■ Task statement ■
Please print the entries below exactly, from the line with "饼干及其包装教学PPT课件.ppt" through the line with "3-Sitzer Elektrische Zugset", including both of those lines and leaving out all others.

■ Material for this task ■
===============
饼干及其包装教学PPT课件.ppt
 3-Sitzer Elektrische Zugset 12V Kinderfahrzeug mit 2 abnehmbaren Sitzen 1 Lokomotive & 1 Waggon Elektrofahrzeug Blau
===============
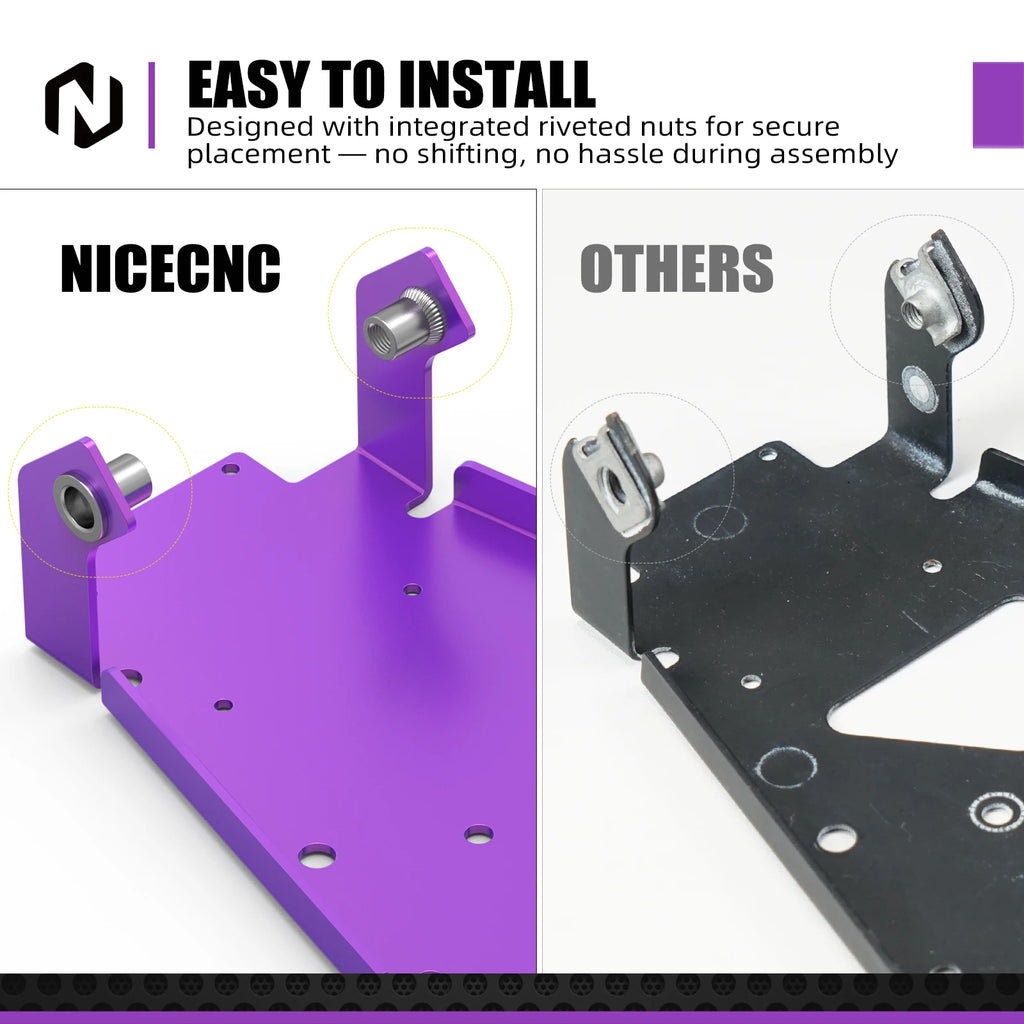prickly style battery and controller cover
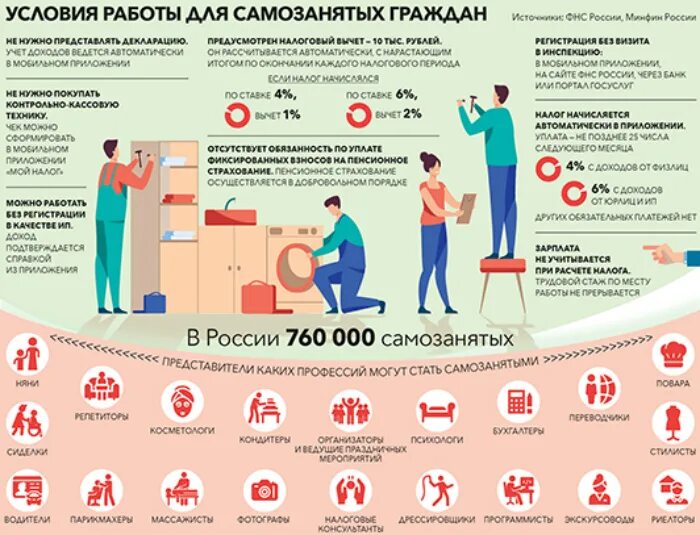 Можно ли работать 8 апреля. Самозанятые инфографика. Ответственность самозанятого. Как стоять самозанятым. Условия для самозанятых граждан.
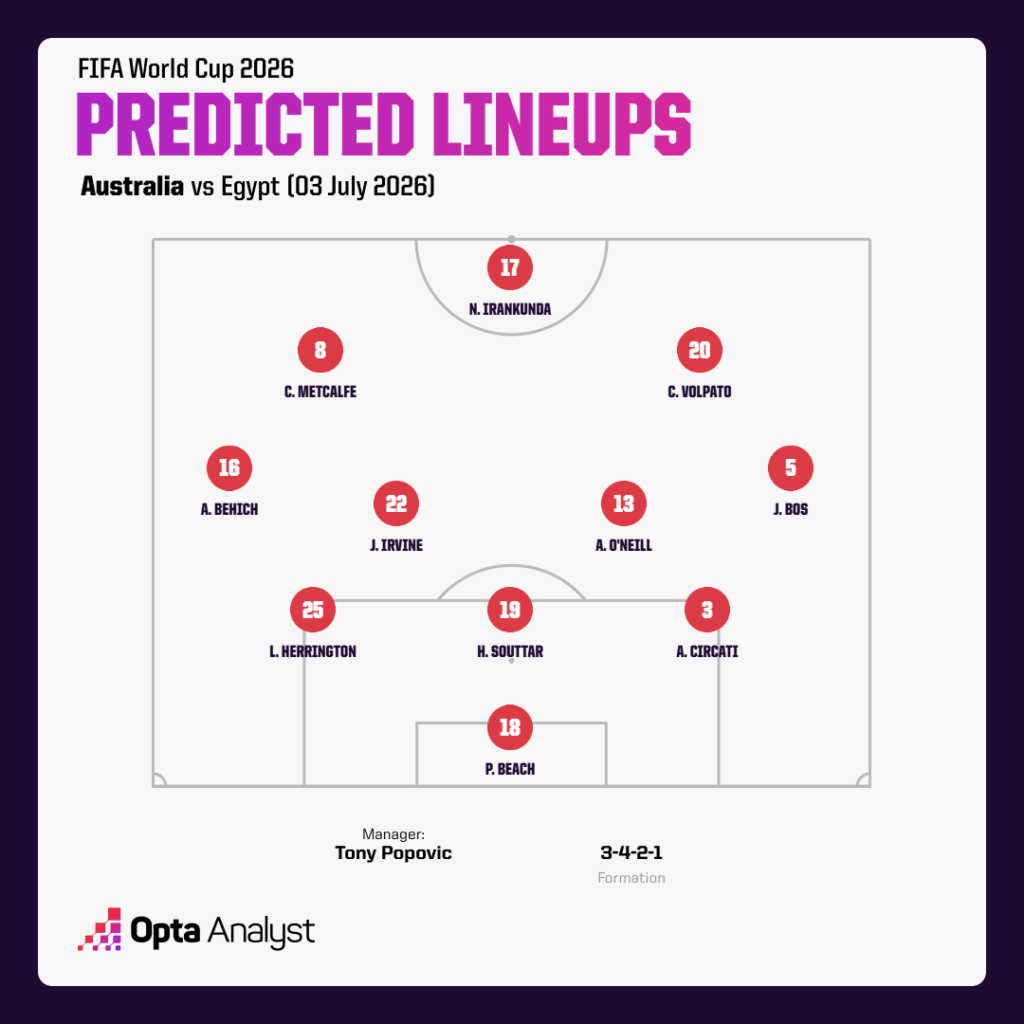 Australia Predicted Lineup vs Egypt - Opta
===============
■ Written solution ■
饼干及其包装教学PPT课件.ppt
 3-Sitzer Elektrische Zugset 12V Kinderfahrzeug mit 2 abnehmbaren Sitzen 1 Lokomotive & 1 Waggon Elektrofahrzeug Blau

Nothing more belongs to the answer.